By and large, this would not appear to be a big deal. At the average pace of three miles an hour, the average cop could manage this walk in about five minutes. Ah, but what if it snows (as it does, from time to time, and sometimes quite heavily)? Then the five-minute walk would become a ten- or fifteen-minute slog; and if the cops have to report before the snow removal crews do, as no doubt is often the case, they will have to walk the long way 'round rather than taking the direct route across the town green. So yes, Virginia, there is an issue here.

The police union, AKA the Silver Shield Association, has filed a grievance against the First Selectman for his arbitrary and non-contractual (in their view) adjustment to their lives. No one knows when or how this action may be resolved. In the meantime, some of the cops started to park at long-term metered spaces, just as everyone else in town is entitled to do.

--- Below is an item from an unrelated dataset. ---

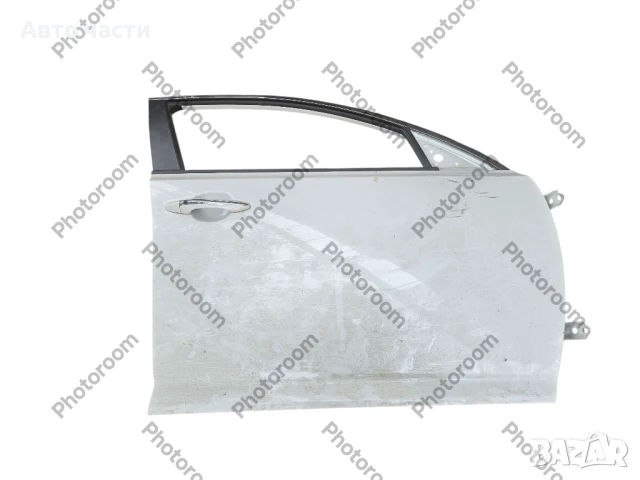предна дясна врата KIA K5 , optima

But no! The much-despised chief cop, Jimmy Wawa, who has been the subject of two hugely lopsided votes of no confidence by the union (and who, of course, has his own specially reserved parking place), got wind of this and went into his typical overreactive mode. He issued a direct order that all cops (except himself, of course) were to park at Town Hall or face disciplinary action. That could entail, I presume, not only a temporary suspension, but even graver consequences up to and including dismissal for insubordination.

Well, this did not sit well with the union. And since the First Selectman in this burg is also the Commissioner of Police, the aforesaid James A. Lash came quickly into the picture. In past years, consequent to the votes of no confidence, Lash has snubbed the union's attempts to meet with him and present their grievances; this has led to occasional picketing at Town Hall by off-duty cops. Special tee shirts were created for these occasions reading "Lash Out!" - a form of protected free speech indicating disapproval of Lash's unresponsiveness and a desire to see him lose at the next town election.

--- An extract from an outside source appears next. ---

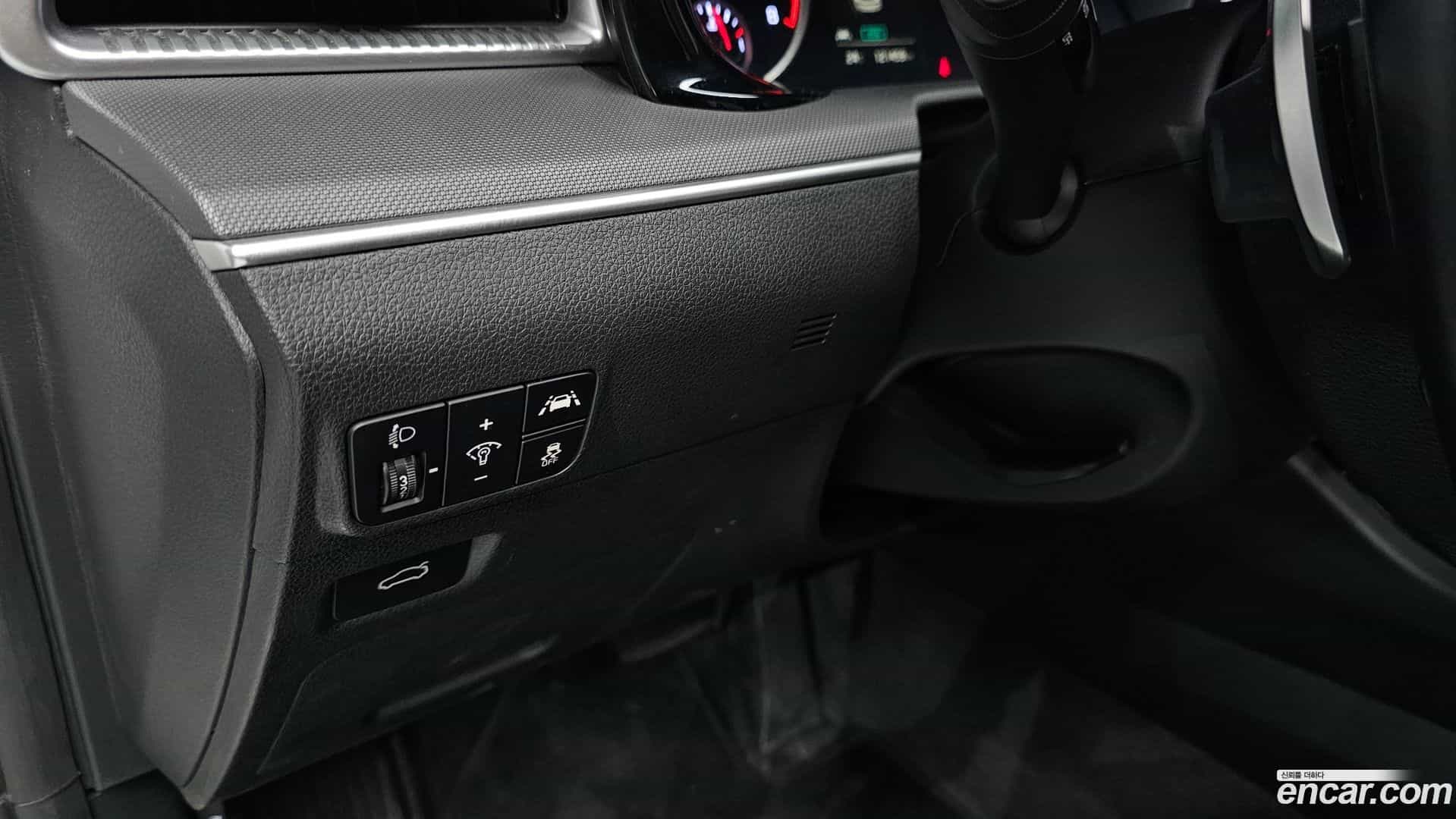 K5 Kia 2022.5-OPTION-023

And this, of course, did not sit well with Lash. And since, as faithful readers of this blog know, the local Democrats are all but comatose in their vote-getting ineffectuality, Lash has had no trouble staying in office, and thus the cops managed to earn themselves a powerful and unsympathetic enemy. (Actually, Lash has managed to make himself a lot of enemies all over town, but that's another story for another time.)

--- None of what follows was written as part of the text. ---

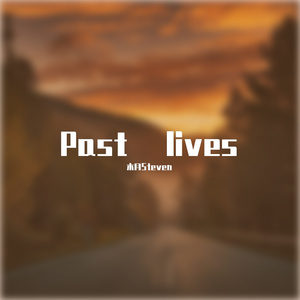 Past lives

So Lash and Wawa have apparently decided to make a big issue of all this, and have opened an investigation focusing on one or more of the perceived ringleaders of the current unrest. But once again, the union perceives some potential illegalities in this procedure; ordinarily, an officer under investigation is informed of this fact and given some opportunity to present his side of the story. Not so in this case, it seems, as Lash and Wawa are apparently building a case behind the back or backs of those concerned.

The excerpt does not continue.